═════ Records provided ═════

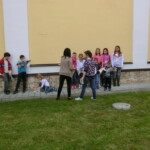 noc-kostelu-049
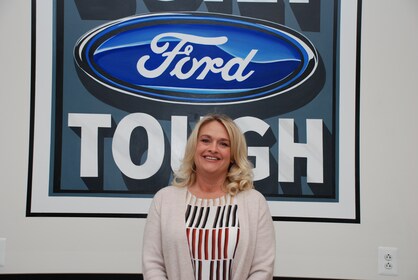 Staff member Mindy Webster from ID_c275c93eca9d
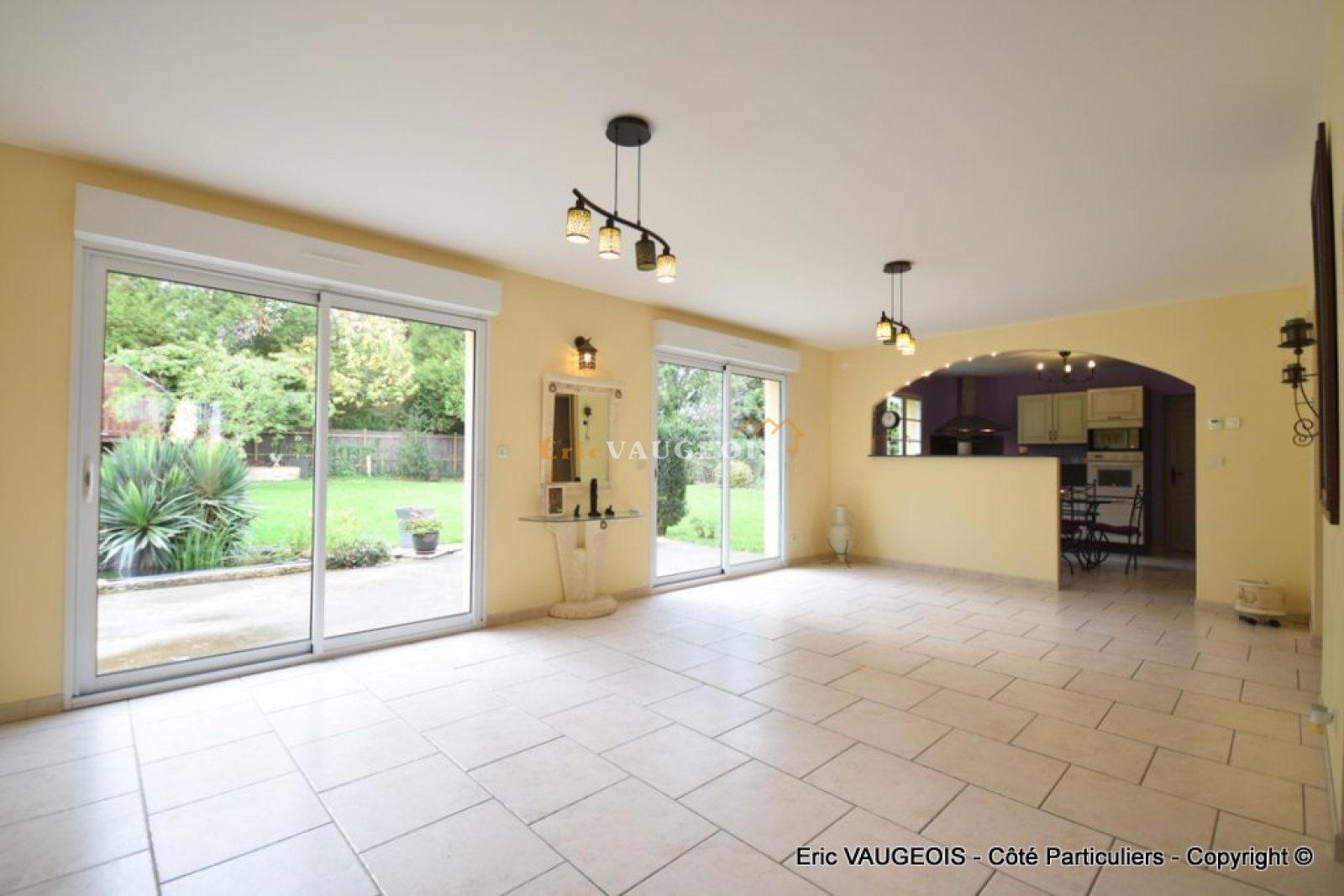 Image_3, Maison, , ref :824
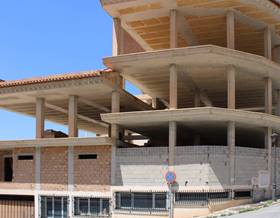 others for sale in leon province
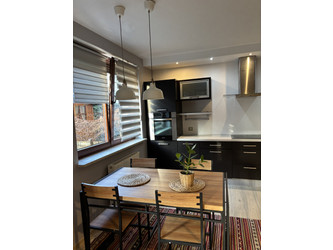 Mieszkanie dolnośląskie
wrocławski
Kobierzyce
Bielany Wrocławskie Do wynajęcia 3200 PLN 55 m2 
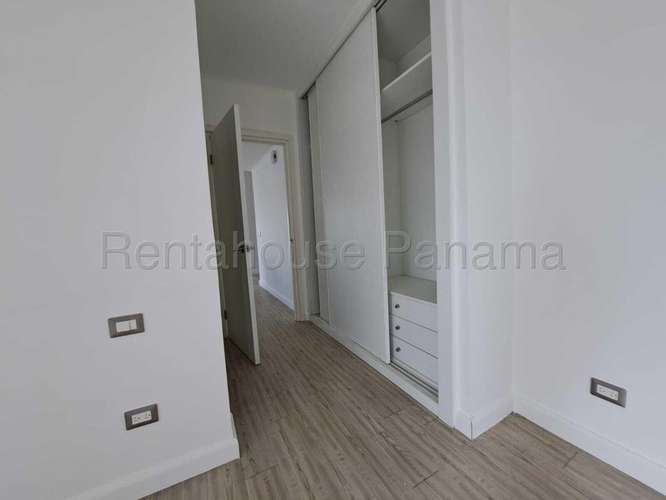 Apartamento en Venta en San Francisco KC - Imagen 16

═════

Restate the data above word for word, so that the only difference is the missing pictures.

 noc-kostelu-049
 Staff member Mindy Webster from ID_c275c93eca9d
 Image_3, Maison, , ref :824
 others for sale in leon province
 Mieszkanie dolnośląskie
wrocławski
Kobierzyce
Bielany Wrocławskie Do wynajęcia 3200 PLN 55 m2 
 Apartamento en Venta en San Francisco KC - Imagen 16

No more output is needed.